Nothing outside the range below should be printed. Output exactly the lines from the line with "J30 — Dimensions / specs" to the line with "創(chuàng)維數(sh", both included.
DATA FOR ANALYSIS below:
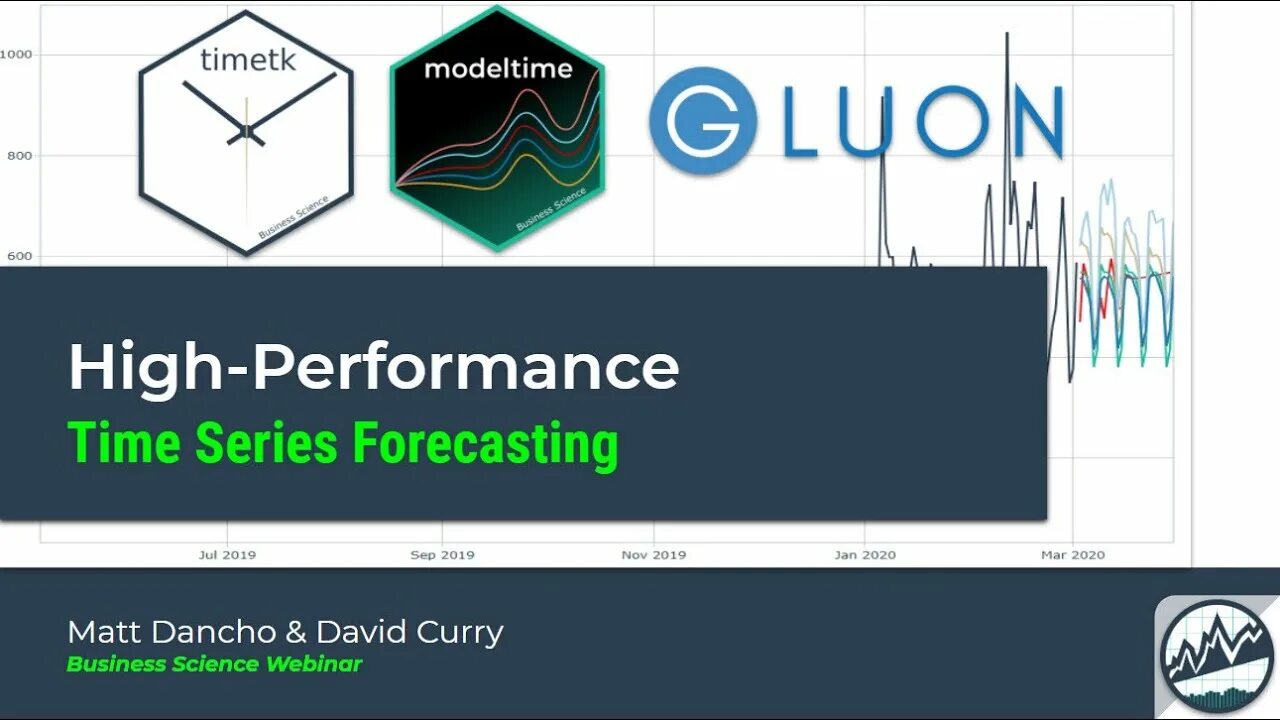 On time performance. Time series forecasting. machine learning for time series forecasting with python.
End of DATA FOR ANALYSIS.
DATA FOR ANALYSIS below:
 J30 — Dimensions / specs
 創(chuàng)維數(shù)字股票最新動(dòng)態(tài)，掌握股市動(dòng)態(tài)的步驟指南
End of DATA FOR ANALYSIS.
WRITTEN REPLY:
 J30 — Dimensions / specs
 創(chuàng)維數(shù)字股票最新動(dòng)態(tài)，掌握股市動(dòng)態(tài)的步驟指南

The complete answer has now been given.